[[ SUPPLIED MATERIAL open ]]

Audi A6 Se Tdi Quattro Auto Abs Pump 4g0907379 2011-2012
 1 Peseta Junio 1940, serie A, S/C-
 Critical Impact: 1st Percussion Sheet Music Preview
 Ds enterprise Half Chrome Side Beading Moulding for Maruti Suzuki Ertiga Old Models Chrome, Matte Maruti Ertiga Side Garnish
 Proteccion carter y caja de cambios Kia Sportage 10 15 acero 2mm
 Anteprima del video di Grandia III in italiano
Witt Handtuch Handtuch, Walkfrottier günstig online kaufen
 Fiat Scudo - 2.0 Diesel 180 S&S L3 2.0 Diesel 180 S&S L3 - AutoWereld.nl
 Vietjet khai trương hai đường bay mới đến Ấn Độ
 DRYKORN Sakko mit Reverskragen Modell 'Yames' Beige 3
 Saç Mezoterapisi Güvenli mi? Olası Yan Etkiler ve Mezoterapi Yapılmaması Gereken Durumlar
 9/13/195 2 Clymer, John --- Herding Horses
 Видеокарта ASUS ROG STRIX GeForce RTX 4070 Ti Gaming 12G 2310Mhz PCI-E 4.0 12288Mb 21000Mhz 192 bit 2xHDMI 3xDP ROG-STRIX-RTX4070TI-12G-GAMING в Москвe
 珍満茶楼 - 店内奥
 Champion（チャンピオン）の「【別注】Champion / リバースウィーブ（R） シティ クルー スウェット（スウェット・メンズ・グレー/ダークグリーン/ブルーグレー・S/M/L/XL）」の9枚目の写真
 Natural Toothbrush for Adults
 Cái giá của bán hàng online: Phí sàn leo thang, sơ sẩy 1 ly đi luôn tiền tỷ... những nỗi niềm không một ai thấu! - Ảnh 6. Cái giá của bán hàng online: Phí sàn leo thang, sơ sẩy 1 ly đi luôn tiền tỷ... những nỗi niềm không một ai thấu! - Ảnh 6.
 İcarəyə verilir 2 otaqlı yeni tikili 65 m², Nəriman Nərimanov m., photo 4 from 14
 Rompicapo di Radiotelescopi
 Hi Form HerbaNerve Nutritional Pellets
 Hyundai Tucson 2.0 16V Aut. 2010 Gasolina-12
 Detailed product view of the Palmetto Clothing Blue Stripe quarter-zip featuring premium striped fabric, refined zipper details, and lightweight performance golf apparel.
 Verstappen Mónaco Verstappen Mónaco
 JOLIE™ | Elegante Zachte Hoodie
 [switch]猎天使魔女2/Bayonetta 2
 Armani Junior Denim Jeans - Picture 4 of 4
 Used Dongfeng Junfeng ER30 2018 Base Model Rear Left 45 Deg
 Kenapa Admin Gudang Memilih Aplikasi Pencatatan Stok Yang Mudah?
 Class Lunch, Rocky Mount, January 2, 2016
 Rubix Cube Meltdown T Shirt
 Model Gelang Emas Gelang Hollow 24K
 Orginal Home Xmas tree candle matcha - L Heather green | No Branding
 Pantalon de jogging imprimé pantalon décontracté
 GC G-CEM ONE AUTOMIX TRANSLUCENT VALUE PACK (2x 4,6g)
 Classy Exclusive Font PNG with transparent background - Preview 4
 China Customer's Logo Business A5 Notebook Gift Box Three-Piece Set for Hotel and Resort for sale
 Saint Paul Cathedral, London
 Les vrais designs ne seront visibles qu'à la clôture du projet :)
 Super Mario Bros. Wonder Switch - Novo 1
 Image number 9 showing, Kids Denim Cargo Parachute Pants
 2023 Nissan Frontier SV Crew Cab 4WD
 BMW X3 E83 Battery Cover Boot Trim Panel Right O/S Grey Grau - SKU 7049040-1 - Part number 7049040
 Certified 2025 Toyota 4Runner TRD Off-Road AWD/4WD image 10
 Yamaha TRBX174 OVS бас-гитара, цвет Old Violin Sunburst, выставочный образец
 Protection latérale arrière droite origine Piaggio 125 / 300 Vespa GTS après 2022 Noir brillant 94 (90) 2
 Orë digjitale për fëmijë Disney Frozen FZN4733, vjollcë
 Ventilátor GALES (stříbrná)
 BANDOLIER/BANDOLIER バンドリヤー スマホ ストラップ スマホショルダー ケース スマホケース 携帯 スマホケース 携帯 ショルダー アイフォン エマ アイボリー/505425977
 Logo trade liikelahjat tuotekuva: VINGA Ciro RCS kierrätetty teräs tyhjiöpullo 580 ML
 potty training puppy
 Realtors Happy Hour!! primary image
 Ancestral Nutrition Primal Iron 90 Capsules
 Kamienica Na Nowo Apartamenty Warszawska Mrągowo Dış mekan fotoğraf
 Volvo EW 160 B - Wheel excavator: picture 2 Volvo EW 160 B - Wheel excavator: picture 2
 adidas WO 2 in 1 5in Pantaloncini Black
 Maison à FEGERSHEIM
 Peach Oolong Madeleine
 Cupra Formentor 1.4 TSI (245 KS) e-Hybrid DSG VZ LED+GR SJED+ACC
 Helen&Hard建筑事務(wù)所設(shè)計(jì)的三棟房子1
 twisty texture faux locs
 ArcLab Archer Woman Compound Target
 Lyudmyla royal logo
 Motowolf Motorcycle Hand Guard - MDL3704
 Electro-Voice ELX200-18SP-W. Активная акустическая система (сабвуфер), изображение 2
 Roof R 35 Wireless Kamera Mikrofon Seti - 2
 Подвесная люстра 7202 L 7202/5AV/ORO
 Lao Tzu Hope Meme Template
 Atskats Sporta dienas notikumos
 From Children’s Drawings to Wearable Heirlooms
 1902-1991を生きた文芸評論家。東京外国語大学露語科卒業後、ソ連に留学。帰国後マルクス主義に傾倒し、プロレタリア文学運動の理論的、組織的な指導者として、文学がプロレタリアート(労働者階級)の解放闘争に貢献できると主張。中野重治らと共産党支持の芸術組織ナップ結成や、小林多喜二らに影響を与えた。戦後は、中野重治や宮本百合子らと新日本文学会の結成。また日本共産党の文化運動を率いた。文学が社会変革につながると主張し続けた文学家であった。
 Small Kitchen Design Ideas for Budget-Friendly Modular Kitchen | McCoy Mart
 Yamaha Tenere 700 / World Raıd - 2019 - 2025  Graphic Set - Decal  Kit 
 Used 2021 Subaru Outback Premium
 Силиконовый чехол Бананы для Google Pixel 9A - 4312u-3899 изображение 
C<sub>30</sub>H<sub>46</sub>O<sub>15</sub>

[[ SUPPLIED MATERIAL closed ]]

EXERCISE: Where does "Preview" appear in the records above? Copy each line that holds it.

WRITTEN ANSWER:
 Critical Impact: 1st Percussion Sheet Music Preview
 Classy Exclusive Font PNG with transparent background - Preview 4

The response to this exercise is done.